Any effort made to update these records in a timely fashion is an improvement over what we had before, and I applaud Vasquez for making that effort. There are still some holes here – what if you’re moving to a garage apartment or rental house, or you’re moving in with someone? – which makes me wonder if it might not be better to involve the Post Office in this, to get people who are filling out change of address forms there. Perhaps that can be added on later. In any event, as I said, this is better than what we had before, and the change in attitude is refreshing as well.

Redistricting commission advances

We know about Sen. Jeff Wentworth’s biennial efforts to create a nonpartisan redistricting commission for Texas. On Monday, those efforts advanced forward a step.

By a vote of 21-10, senators approved Senate Bill 315 that would create the nine-member commission — eight of its members named by the Legislature, four Republicans and four Democrats, with the ninth member to serve as a non-voting presiding officer.

The measure by Sen. Jeff Wentworth, R-San Antonio, would also designate the Texas Supreme Court as having original jurisdiction in all cases regarding redistricting.

Passage came after a bit of drama. Debate was stopped after it appeared that Wentworth might not have the 21 votes necessary to suspend the Senate’s rules to debate and pass the bill.

But after several minutes of huddling on the Senate floor, Wentworth went ahead and got enough votes.

State Sen. Mike Jackson, R-Lake Jackson, was among the 10 senators who voted against passage. During the brief debate, he said he had doubts that the commission could accomplish its intended purpose.

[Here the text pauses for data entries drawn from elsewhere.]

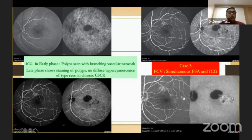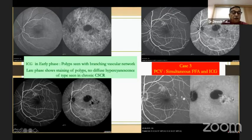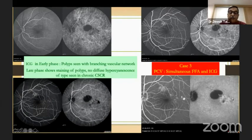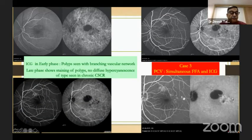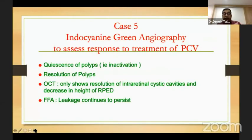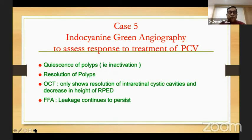Here is another patient where you can see the polyps in the early phases — the polyps are seen within the first six minutes — and then they stand out in the late phase. In this second case, no other lesion is present. ICG can also be used to assess the activity of a polyp: has it become inactivated? Has it become resolved? — which you cannot determine by any other means.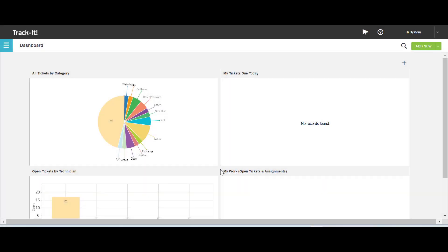Welcome to our video on creating and managing software titles in TrackIt. In this video I will demonstrate the steps for creating, updating, copying, deleting, retiring, and unretiring software titles in TrackIt.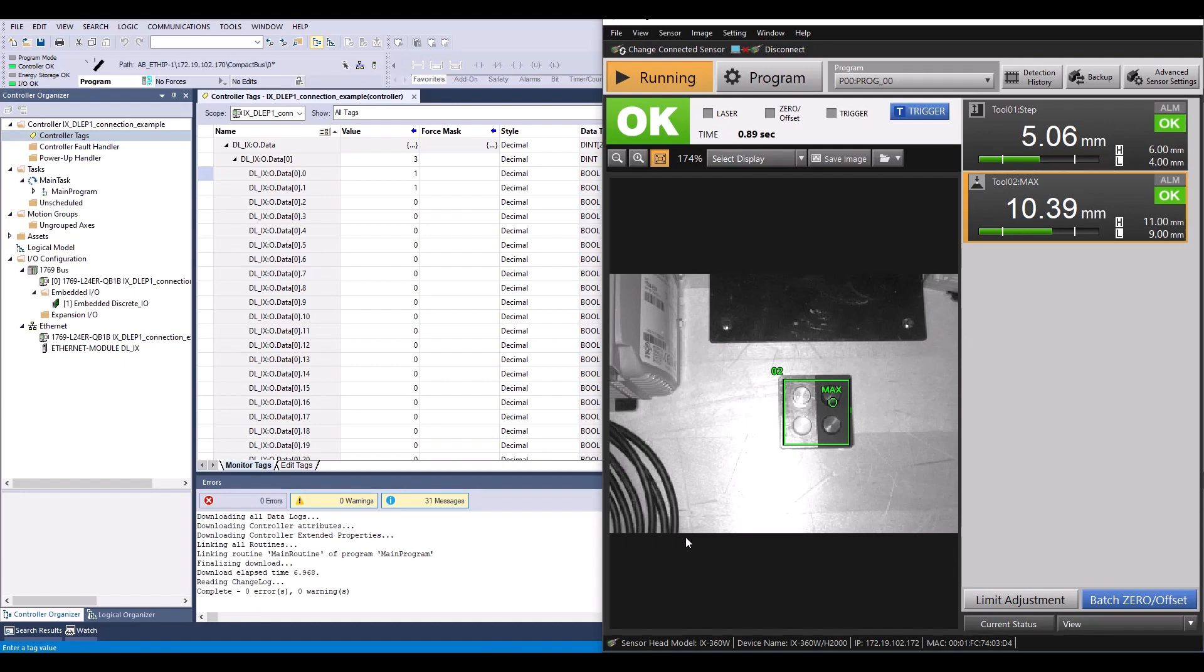I hope this video helped explain how to set up the Ix and the DLEP1 for Ethernet IP communication. But if you have any questions, please give our tech team a call at 888-KEYANCE option 2 for tech support. Thanks and have a great day.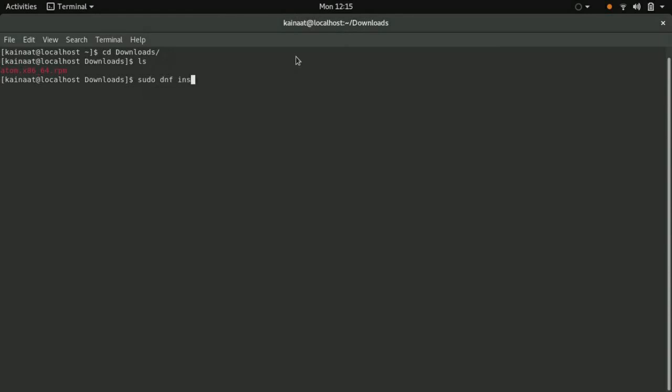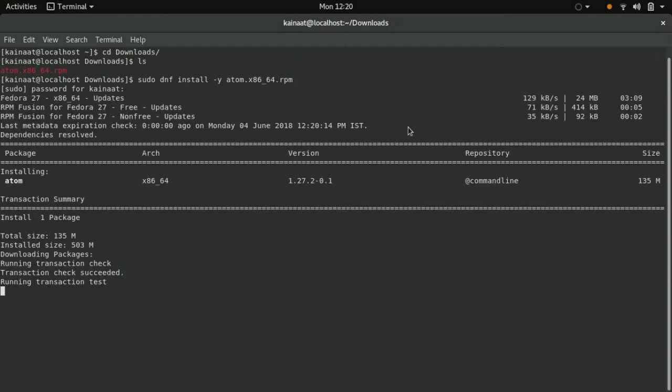dnf install -y atom.x. You can use tab to autocomplete. This might take a while, so let's wait.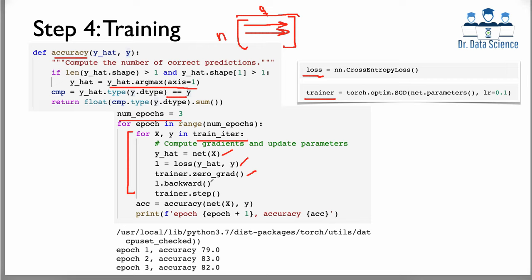After each epoch we print the accuracy on the training data. For epochs one, two, and three we can see the accuracy values improving. This network is simple — no hidden layers — so the absolute accuracy isn't the focus; rather, it's the workflow: reading data, defining the network and loss function, and training. From here you can add hidden layers and more customized functions as needed. I hope you found this video useful, and see you next time.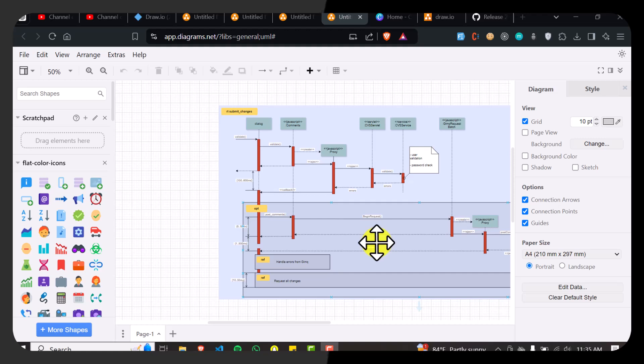How to create a Gantt chart in draw.io. Hello and welcome back to our channel beautiful people. Today we are going to learn how to create a Gantt chart.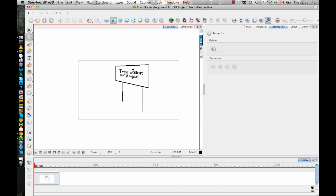So that's the first way. Now, you can do all of that in Animate, Animate Pro and Harmony. This way so far you can also do in Storyboard and Storyboard Pro.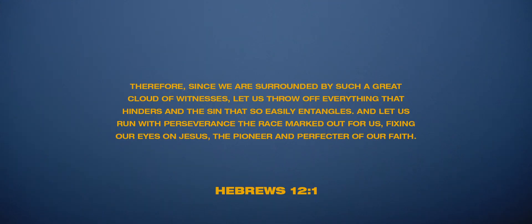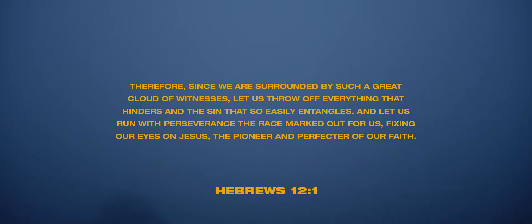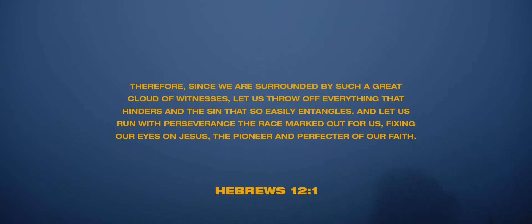Hebrews 12 says, 'Therefore, since we are surrounded by such a great cloud of witnesses, let us throw off everything that hinders and the sin that so easily entangles.' I like to think of that where the author of Hebrews says it's not just the sin, it's 'and the sin,' which means that there are some things that are not sin that can entangle you. So those can be good things that are distractions.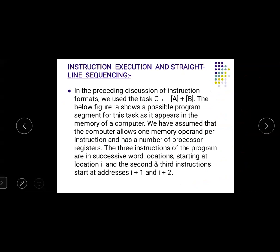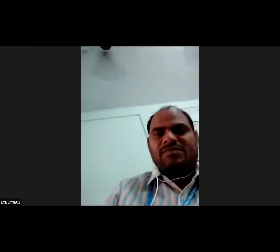The next topic is pipeline sequencing, which will be discussed tomorrow. All of you please leave.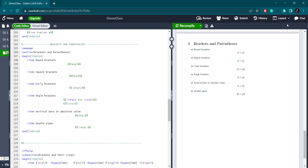Welcome back to our channel. Today we are going to study about brackets and parentheses. When we write mathematical expressions or equations, we need different types of brackets — round brackets, square brackets, curly brackets, angular brackets — and also their different sizes according to the expression. We'll cover all of this in today's video.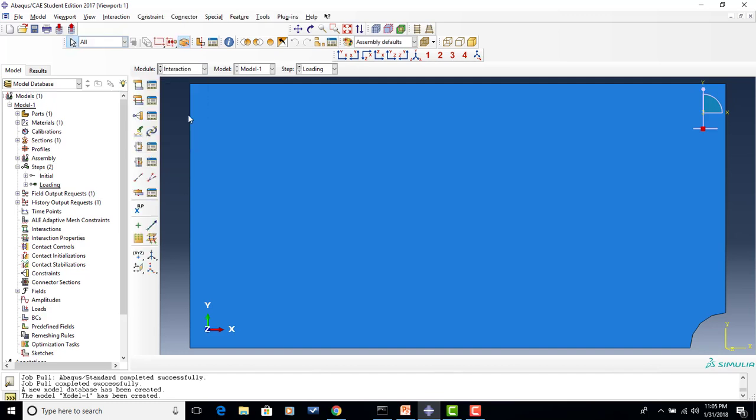In addition to the initial step, I now have a loading step as well. We don't need to make any changes to our field outputs or history outputs — I'm really just interested in displacements or stress contours, nothing unusual. For interactions, this particular problem only deals with one part, so we don't have any interactions to work with — no friction, no rigid bodies, no tie constraints. These are all features I will cover in future workshops.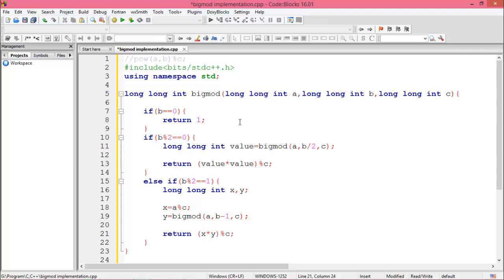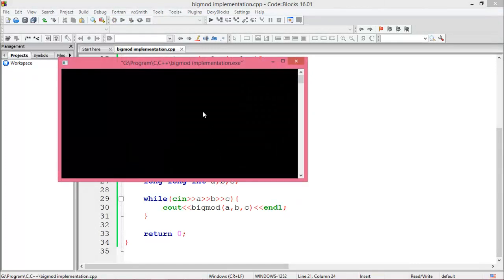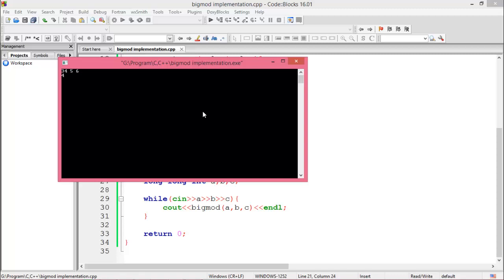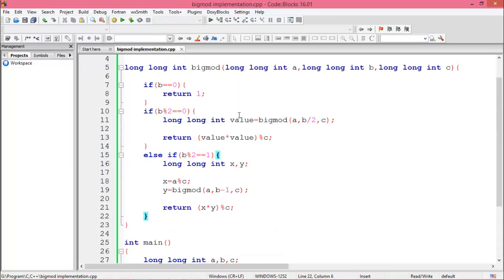Okay, so now run the program. Enter three variables, the answer is 4. Again enter 4, and again enter large value, the answer is 529. Control Z and enter. Okay, so this is all about the BigMod algorithm implementation using C or C++.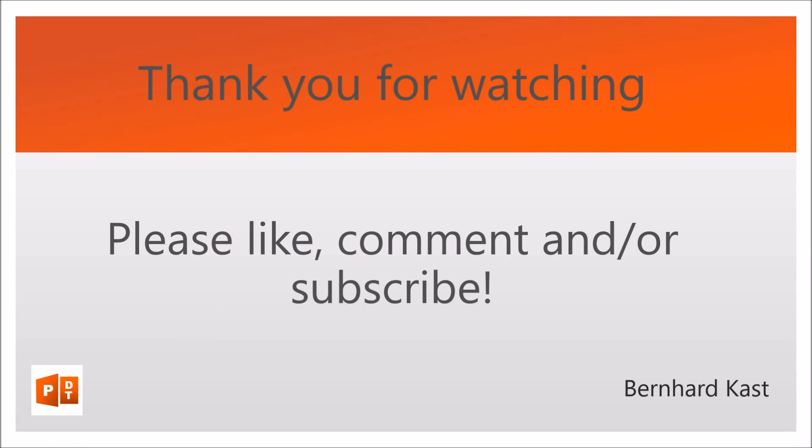Thank you for watching. I hope this short video was useful to you. Please like or subscribe and leave me a comment if you have any questions or remarks or any requests.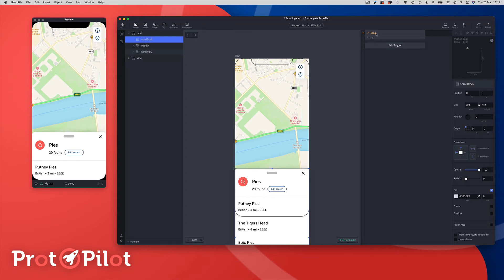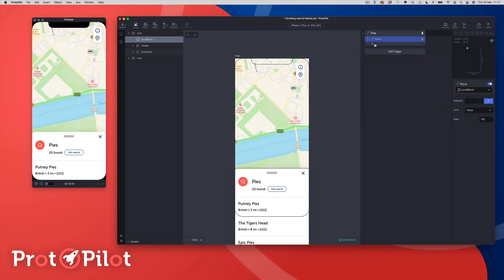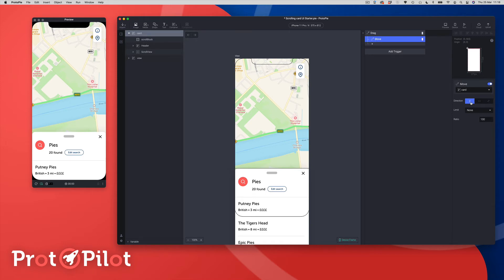Coming back to our drag trigger, we're going to target the scroll block layer and add a move response. We want to move the card group - using the scroll block as our touch point but actually moving the whole card. We're going to move it only on the y axis, vertically up and down. We're also going to add a custom limit because we only want this card to move between two preset points. The range is going to be 100 on the y to 565 - that's just a range I've predefined for my design.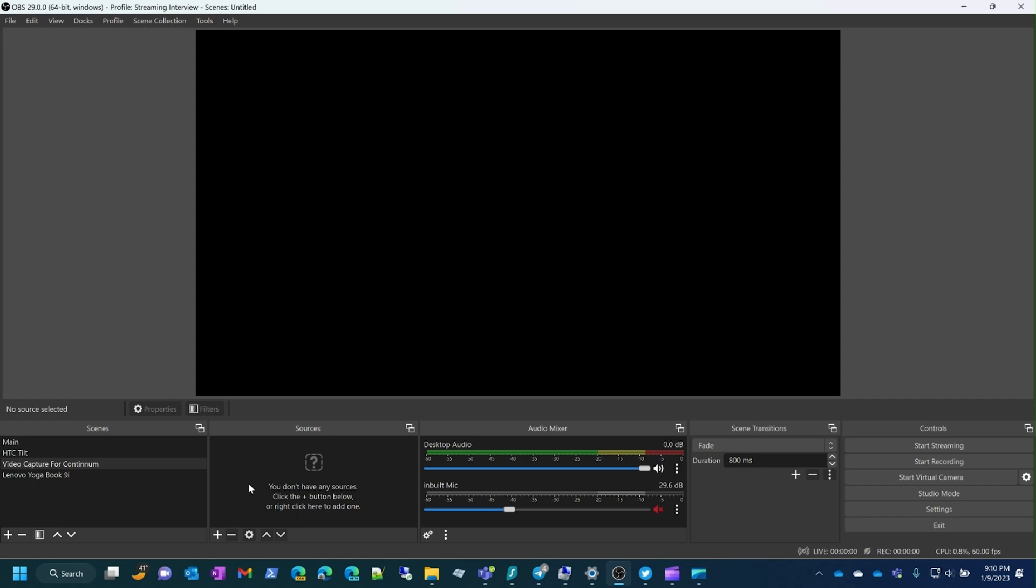Everything is connected. The USB video capture device is plugged in with the HDMI cable connected, so everything is ready to go. You should do the same, then open OBS.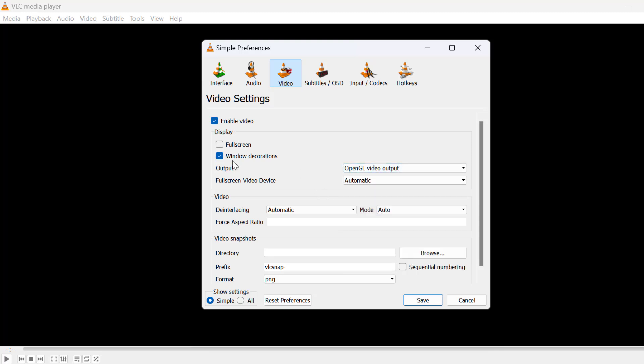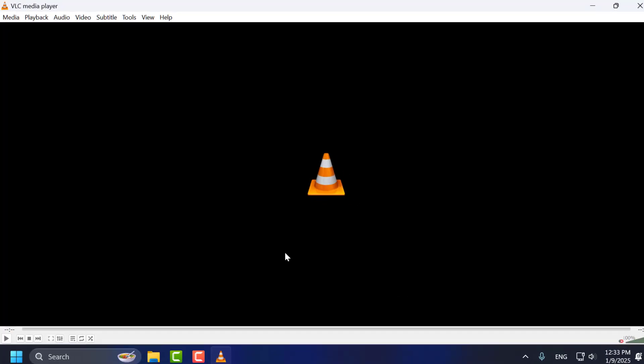And if you have accelerated video output overlay listed over here, then you just need to uncheck the box. After that, select the Save changes option.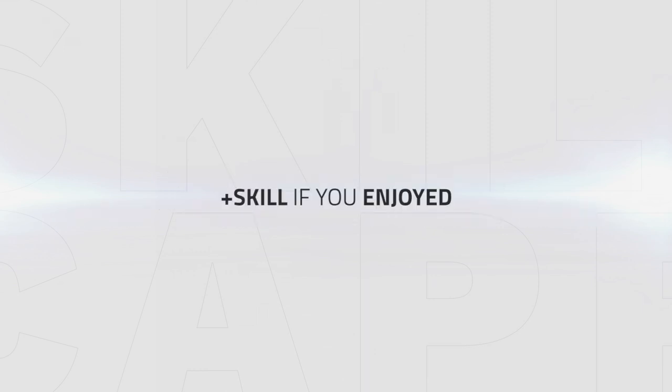Alright everyone, that's it for this video on getting started as an Outlaw Rogue in Patch 8.0. Thanks for watching and good luck in BFA!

Wentworth insisted it would, noting that 12 other states use such commissions successfully.

Here’s the vote (PDF) on second reading:

Yeas: Averitt, Carona, Davis, Deuell, Duncan, Ellis, Eltife, Gallegos, Hegar, Hinojosa, Lucio, Patrick, Seliger, Shapleigh, Uresti, VanideiPutte, Watson, Wentworth, West, Whitmire, Zaffirini.

Nays: Estes, Fraser, Harris, Huffman, Jackson, Nelson, Nichols, Ogden, Shapiro, Williams.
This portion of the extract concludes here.